Snowflake exhibits linear improvements in load time to the number of vCPUs. This means the total cost to the user remains constant, i.e. a 4X-LARGE warehouse is twice the cost of a 2X-LARGE, but the load time is half. The user can, in turn, make the warehouse idle on completion, incurring the same total charge. ClickHouse Cloud’s new feature, SharedMergeTree, also ensures insert performance scales linearly with resources. While the above benchmark test results use the ClickHouse standard MergeTree, due to when these benchmarks were conducted, examples of results demonstrating linear scalability for SharedMergeTree with this dataset can be found here.
The above does not include any clustering time for Snowflake. Clustering, as shown below, is required for query performance to be competitive with ClickHouse. However, if clustering times are included in the comparison, Snowflake insert times become significantly higher than ClickHouse - this is challenging to measure precisely, as clustering is asynchronous, and its scheduling is non-deterministic.

Further observations from this test can be found here.

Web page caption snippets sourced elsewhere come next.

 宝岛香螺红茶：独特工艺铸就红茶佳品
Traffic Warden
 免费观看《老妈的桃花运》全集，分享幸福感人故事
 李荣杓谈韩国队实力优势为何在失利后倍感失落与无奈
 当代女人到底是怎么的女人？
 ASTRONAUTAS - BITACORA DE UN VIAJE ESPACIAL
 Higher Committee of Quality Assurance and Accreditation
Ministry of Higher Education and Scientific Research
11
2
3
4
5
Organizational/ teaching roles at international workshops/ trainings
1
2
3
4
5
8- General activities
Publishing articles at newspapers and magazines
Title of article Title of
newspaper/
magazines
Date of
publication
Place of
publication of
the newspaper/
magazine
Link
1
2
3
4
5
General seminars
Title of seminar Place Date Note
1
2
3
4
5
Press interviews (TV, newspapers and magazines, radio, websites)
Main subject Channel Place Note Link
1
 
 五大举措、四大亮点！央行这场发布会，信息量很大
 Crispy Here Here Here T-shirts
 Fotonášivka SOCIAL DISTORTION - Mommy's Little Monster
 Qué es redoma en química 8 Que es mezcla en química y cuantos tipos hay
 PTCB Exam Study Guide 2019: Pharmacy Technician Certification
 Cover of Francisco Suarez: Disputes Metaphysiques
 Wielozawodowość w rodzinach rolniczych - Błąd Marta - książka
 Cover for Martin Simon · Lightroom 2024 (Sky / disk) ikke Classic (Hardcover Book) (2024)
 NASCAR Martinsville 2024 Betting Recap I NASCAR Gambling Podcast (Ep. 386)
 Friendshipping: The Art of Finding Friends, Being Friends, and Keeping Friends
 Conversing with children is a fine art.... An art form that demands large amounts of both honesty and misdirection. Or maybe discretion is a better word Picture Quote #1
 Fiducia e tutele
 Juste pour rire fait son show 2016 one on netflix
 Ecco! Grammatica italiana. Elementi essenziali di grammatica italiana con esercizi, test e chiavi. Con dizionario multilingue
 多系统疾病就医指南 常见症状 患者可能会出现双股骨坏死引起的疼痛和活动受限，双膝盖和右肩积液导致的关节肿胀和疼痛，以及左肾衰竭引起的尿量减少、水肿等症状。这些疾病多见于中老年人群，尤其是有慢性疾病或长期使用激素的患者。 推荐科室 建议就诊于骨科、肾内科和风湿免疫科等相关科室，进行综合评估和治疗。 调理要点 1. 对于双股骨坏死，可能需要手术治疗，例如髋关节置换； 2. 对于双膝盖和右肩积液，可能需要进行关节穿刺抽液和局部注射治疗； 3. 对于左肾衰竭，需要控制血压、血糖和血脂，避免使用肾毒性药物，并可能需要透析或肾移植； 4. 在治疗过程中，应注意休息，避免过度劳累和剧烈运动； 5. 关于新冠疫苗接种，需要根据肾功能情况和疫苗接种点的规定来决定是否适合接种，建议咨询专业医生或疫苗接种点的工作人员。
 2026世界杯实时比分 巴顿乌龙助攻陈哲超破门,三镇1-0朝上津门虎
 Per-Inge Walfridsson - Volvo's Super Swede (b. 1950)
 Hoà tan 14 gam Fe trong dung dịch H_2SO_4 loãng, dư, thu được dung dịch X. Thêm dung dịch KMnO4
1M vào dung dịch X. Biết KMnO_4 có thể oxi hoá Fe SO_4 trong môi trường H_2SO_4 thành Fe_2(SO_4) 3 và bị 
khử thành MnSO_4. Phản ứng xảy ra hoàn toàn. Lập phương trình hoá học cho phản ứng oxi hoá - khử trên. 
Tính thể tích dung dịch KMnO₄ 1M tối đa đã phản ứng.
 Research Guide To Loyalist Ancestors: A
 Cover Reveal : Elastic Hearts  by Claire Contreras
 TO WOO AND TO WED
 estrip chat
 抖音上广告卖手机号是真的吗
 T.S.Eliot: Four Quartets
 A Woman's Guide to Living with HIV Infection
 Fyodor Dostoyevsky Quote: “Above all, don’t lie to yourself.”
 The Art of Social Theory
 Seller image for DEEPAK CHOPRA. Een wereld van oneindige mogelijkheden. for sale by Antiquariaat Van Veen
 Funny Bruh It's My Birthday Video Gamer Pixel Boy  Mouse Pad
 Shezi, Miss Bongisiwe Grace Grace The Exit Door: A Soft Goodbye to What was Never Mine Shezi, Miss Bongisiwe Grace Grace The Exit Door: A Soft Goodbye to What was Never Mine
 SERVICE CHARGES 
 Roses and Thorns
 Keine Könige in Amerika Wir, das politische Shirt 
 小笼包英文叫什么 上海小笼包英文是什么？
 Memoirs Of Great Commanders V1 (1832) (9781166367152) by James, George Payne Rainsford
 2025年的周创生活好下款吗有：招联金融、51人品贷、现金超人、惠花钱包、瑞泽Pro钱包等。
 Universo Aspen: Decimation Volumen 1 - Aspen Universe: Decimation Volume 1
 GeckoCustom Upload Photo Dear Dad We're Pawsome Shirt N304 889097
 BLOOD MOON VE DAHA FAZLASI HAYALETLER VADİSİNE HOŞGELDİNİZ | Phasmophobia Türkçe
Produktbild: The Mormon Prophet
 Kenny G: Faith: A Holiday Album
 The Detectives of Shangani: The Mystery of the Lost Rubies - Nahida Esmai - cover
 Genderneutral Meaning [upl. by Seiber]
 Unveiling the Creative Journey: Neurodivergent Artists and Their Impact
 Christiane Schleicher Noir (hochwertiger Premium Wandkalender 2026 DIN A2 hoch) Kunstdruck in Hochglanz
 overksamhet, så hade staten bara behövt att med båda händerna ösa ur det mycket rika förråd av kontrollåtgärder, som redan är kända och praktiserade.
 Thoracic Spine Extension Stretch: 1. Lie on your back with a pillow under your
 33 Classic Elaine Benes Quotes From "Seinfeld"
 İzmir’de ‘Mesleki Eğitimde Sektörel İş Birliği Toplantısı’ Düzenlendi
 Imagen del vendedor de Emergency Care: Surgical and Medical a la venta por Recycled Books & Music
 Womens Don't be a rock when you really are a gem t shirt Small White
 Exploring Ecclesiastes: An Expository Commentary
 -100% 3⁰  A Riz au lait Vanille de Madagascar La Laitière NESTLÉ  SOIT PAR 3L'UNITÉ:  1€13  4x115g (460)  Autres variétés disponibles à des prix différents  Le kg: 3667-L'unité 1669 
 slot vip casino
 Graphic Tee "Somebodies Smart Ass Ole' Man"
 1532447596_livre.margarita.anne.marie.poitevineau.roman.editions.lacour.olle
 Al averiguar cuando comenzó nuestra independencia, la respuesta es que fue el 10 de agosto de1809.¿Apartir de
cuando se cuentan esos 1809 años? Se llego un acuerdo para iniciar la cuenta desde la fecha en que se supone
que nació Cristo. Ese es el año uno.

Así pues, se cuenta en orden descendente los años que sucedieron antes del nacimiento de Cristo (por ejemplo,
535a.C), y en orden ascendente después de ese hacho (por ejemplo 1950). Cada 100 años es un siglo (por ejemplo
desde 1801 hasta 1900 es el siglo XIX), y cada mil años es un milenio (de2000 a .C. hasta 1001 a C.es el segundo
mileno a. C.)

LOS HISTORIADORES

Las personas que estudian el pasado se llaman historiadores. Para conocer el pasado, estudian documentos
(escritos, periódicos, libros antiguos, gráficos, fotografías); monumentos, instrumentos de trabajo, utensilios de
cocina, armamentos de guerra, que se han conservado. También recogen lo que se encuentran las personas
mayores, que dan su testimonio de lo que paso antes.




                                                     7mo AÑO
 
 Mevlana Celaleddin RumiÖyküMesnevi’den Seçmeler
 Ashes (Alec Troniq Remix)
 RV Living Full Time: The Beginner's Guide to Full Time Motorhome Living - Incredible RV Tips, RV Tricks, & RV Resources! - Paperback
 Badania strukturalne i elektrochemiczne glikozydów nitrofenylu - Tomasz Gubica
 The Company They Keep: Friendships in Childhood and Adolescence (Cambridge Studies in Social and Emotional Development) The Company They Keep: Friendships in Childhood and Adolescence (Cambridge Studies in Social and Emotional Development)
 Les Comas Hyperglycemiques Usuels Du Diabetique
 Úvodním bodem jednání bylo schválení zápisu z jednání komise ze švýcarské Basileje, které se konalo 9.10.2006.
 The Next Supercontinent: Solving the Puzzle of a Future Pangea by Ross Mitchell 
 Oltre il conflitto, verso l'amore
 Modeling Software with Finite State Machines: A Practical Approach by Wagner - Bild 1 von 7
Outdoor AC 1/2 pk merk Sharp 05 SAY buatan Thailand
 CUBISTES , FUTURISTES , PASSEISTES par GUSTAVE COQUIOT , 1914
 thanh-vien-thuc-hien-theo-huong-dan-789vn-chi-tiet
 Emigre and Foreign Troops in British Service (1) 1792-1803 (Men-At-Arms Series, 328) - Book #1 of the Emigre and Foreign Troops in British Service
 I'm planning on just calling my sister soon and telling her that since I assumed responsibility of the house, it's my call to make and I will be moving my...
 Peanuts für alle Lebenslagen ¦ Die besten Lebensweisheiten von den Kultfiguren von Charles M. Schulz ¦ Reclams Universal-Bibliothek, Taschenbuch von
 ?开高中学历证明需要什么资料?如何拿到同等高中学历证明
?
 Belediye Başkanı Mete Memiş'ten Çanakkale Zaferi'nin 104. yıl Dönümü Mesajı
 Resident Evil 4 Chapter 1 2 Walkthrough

Storage efficiency & compression

Our earlier ClickHouse schema is mostly optimized for maximum compression. As shown below, it can be further improved by applying a delta codec to the date and timestamp columns, although this was shown to have side effects concerning performance on cold queries.

By default, a Snowflake schema does not include clustering. Clustering is configured by setting the clustering key, the choice of which heavily impacts data compression. In order to thoroughly evaluate Snowflake compression rates, we’ve thus tested various clustering keys and recorded the resulting total compressed data size for each, illustrated below.

Full details on our compression results and how this was measured can be found here.

Database	ORDER BY/CLUSTER BY	Total size (TiB)	Compression ratio on Parquet
Snowflake	-	1.99	4.39
Snowflake	(to_date(timestamp), project)	1.33	6.57
Snowflake	(project)	1.52	5.75
Snowflake	(project, to_date(timestamp))	1.77	4.94
Snowflake	(project, timestamp)*	1.05	8.32
ClickHouse	(project, date, timestamp)	0.902	9.67
ClickHouse	(project, date, timestamp) + delta codec	0.87	10.05

Most optional query performance

Most optimal compression

Note that we were unable to identify an uncompressed size for Snowflake and are unable to provide a compression ratio similar to ClickHouse. We have thus computed a compression ratio to Parquet.

Clustering in Snowflake is essential for good compression and query performance in our use case. The best clustering key chosen for our Snowflake schema resulted in reducing the data size by 40%. Despite including the extra column date, the best compression in ClickHouse is nonetheless better than the most optimal Snowflake configuration by almost 20% (0.87TiB vs. 1.05TiB).

That said, the best-performing clustering key for Snowflake, with respect to compression, did not result in the best Snowflake query performance. Snowflake users are therefore presented with a tradeoff – optimize for compression (and thus storage costs) or have faster queries.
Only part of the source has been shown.